=== Work instruction ===
Omit every picture. Return all other data as it stands.
++++ Supplied data ++++
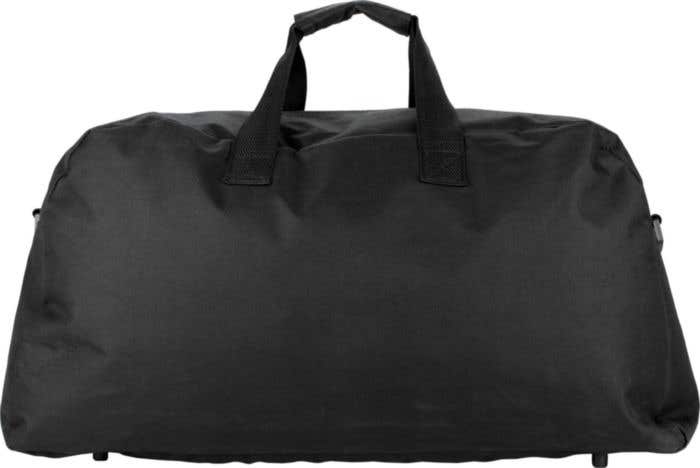 Sports bag Antoinette | 38 l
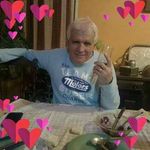 CARLOS DANIEL CASELLA - @carloscasella57g - Instagram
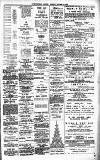 West Lothian Courier Saturday 15 October 1898 Page 7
++++
=== Reply ===
 Sports bag Antoinette | 38 l
 CARLOS DANIEL CASELLA - @carloscasella57g - Instagram
 West Lothian Courier Saturday 15 October 1898 Page 7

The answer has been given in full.